Во-первых, представляется, что в Пекине понимают логику внешнеполитического поведения американцев: в предвыборный год, уходя из Афганистана и сокращая свое военное присутствие на Ближнем Востоке, администрация Б. Обамы просто обязана продемонстрировать дипломатические успехи в другом ключевом регионе мира и заодно успокоить своих азиатских союзников, ощущавших недостаток внимания со стороны государства-патрона в годы активной глобальной кампании по борьбе с терроризмом и «ненадежными режимами». К тому же на фоне нарастания новых кризисных тенденций в мировой экономике АТР выглядит островком «сравнительного процветания» – и упустить возможность поправить свое экономическое положение за счет расширения торговых связей (и расширения американского экспорта) с не потерявшими динамики развития государствами Восточной Азии в Белом Доме не хотят.
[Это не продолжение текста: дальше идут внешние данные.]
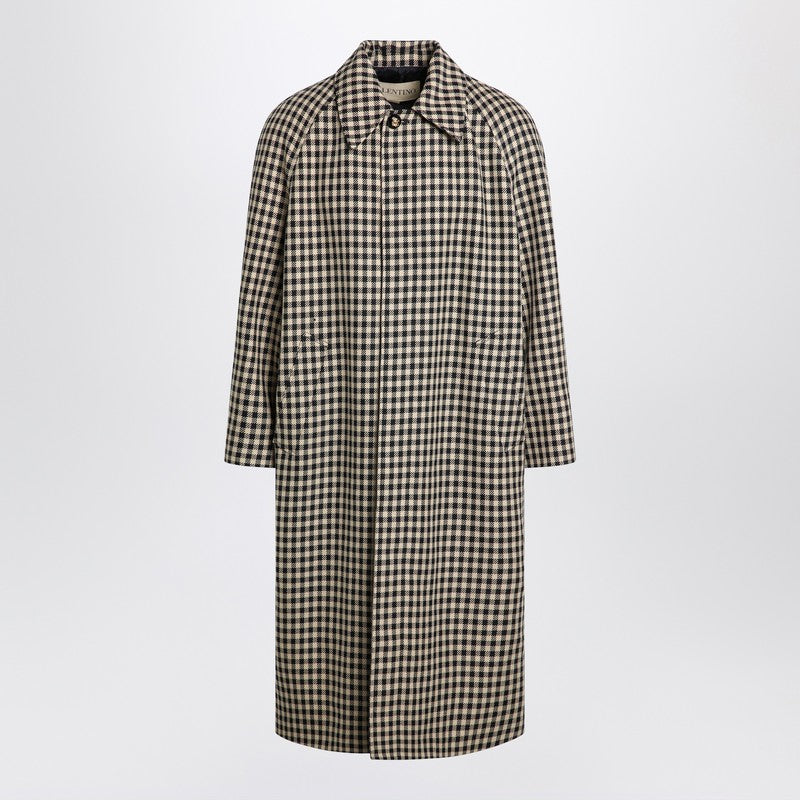 Valentino Coat With Vichy Pattern In Cotton And Wool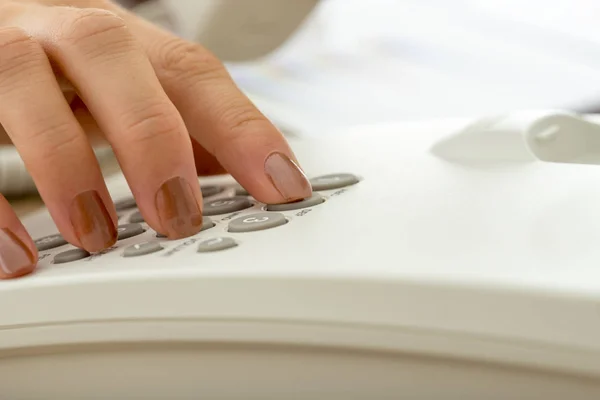 Dialing a telephone number — Stock Photo, Image
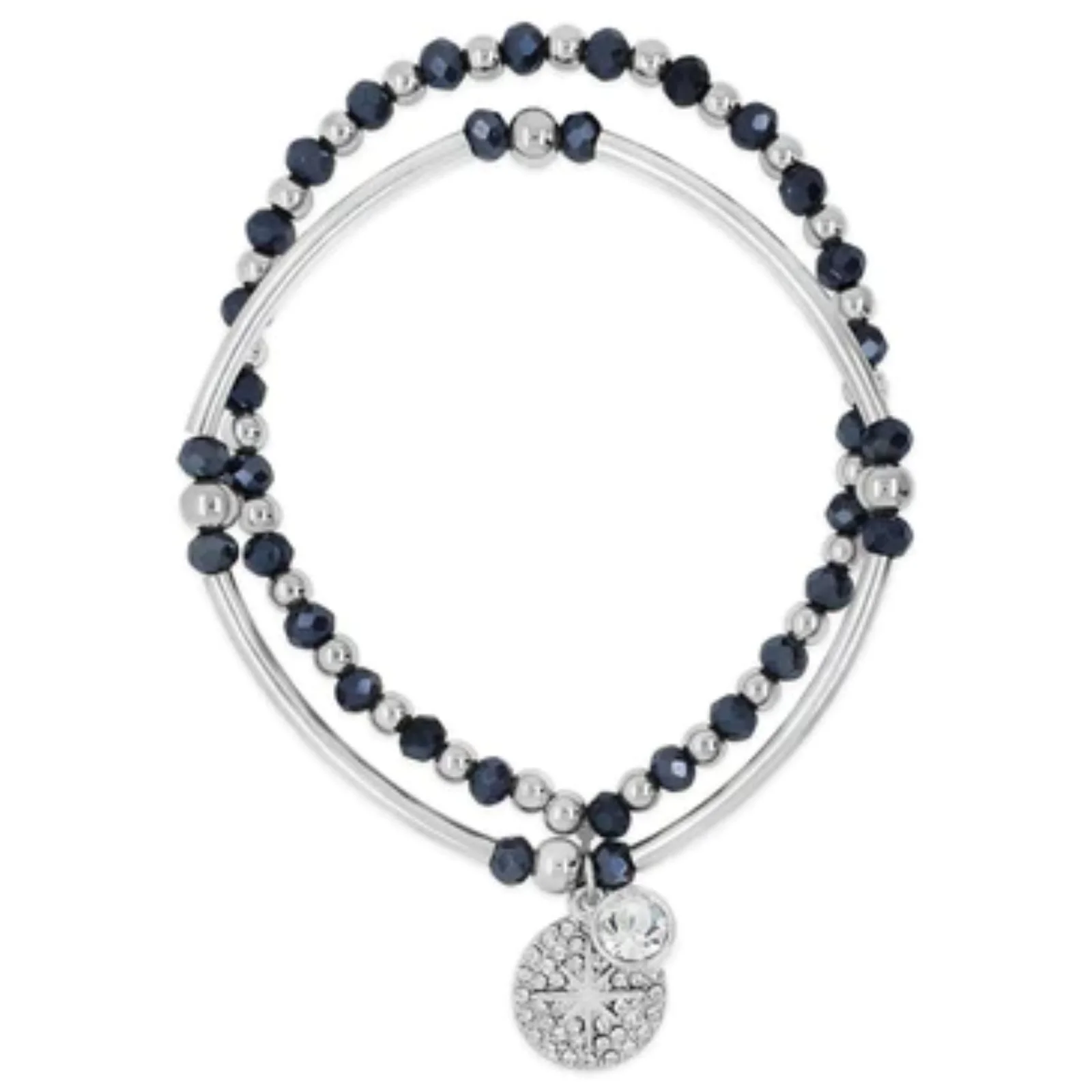 Absolute Silver Navy Blue Beaded Bracelet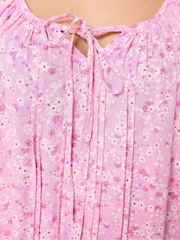 Yours Curve Light Pink Boho Pintuck Blouse - Image 5 of 6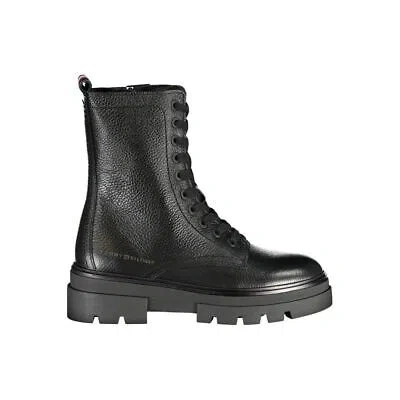 TOMMY HILFIGER TOMMY HILFIGER ELEGANT BLACK LACED BOOTS WITH SIDE ZIP
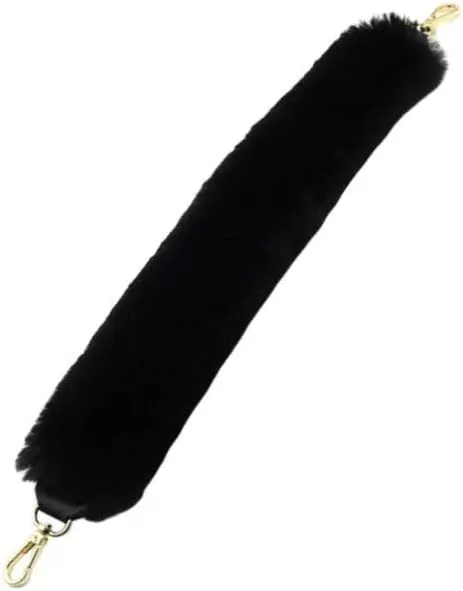 Faux Fur Bag Handles Replacement - Short Strap for Tote, Black with Metal Buckle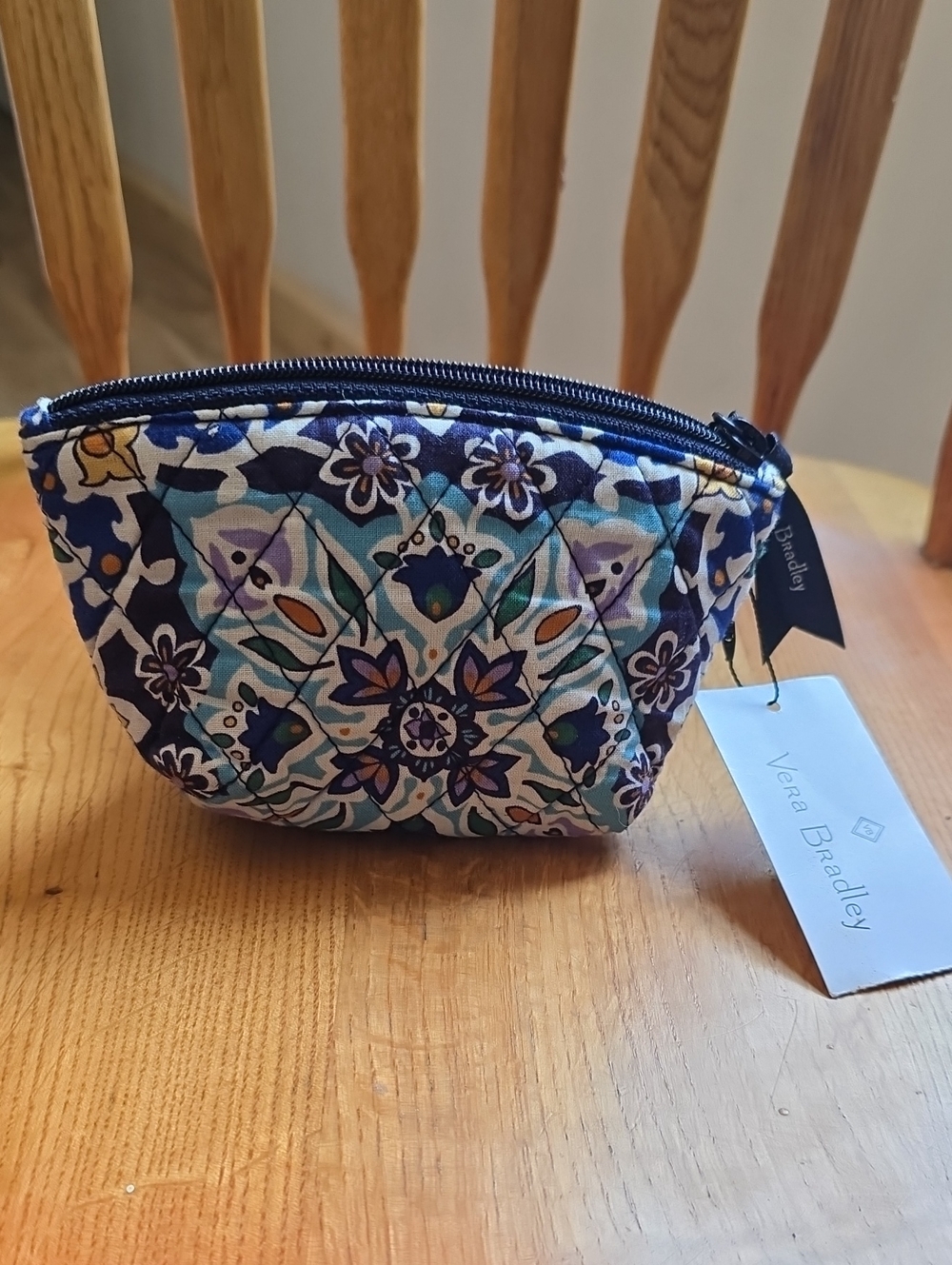 Small Vera Bradley Navy & Teal Floral Quilted Cosmetic Pouch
Однако сугубо экономические инициативы, подобные «Тихоокеанскому партнерству», не способны вернуть Соединенным Штатам лидирующие политические позиции в регионе. Именно поэтому вполне закономерно стремление США компенсировать экономические механизмы классическим военно-политическим инструментарием из набора адепта школы политического реализма – за счет опоры на сеть двусторонних военных союзов, причем в первую очередь с теми странами, которые либо заинтересованы в росте своего регионального влияния (Австралия), либо испытывают потребность во внешних гарантиях безопасности (Филиппины). Как к первой, так и ко второй категориям относится и не являющийся пока формальным союзником США Вьетнам. Такой вывод делают аналитики в Пекине. Так, Чэнь Сянъян, заместитель директора Китайского института современных международных отношений, часто выражающего позицию Министерства государственной безопасности, в своей статье «Отстаивать морские права и интересы» отмечает: «… некоторые страны в своем экономическом развитии зависят от колоссального рынка Китая и в то же время в обеспечении безопасности опираются на США. Соединенные Штаты используют эту зависимость в области безопасности» [3]. Интерес Соединенных Штатов к спорам в Южно-Китайском море носит, таким образом, несмотря на уверения администрации США в обратном, функциональный, технический характер.

Фото: presspool.jp
Президент США Барак Обама и премьер-министр
Японии Ёсихико Нода беседуют о
присоединении Японии к переговорам по
"Тихоокеанскому партнерству", Гавайи, 2011

Во-вторых, КНР со скепсисом (осторожным, но, похоже, не наигранным) оценивает шансы США на реализацию своей новой региональной внешнеполитической стратегии. К примеру, отношение к проекту «Тихоокеанского партнерства» «не допущенного» к нему Китая варьируется от сдержанно-вежливого до открыто ироничного. Так, заместитель министра торговли КНР, попеняв участникам проекта на дискриминационный характер «Тихоокеанского партнерства» и попытку «подменить действующие региональные многосторонние режимы», отметил, что «в целом “Тихоокеанское партнерство” устанавливает очень высокие стандарты, и нам еще предстоит понять, все ли его члены смогут им соответствовать». А авторитетное китайское экономическое издание «Чжунго цзинцзи баодао» в статье с показательным названием «Соединенные Штаты не очень хорошо выбирают новых партнеров для “Тихоокеанского партнерства”» прямо отмечает, что без участия Японии и Республики Корея его практический смысл невелик, и Китай «будет, не вмешиваясь, спокойно наблюдать» за развитием переговоров. Уже упоминавшийся исследователь Чэнь Сянъян, анализируя новую стратегию США в Восточной Азии, излагает следующие объективные трудности, которые могут возникнуть у Вашингтона при ее осуществлении: противоречия с Россией по европейской ПРО и по Сирии, потребность по-прежнему активно участвовать в процессах переустройства Ближнего Востока, а также дальнейшее обострение противоречий с Пакистаном и их влияние на урегулирование в Афганистане будут отвлекать внимание США от АТР, а гигантский дефицит американского бюджета, несмотря на заверения Белого Дома, неизбежно приведет к сокращению военных расходов. Именно эти факторы, по мнению Чэнь Сянъяна, могут заставить США сконцентрироваться на внутренних, а не на внешних вызовах и проблемах.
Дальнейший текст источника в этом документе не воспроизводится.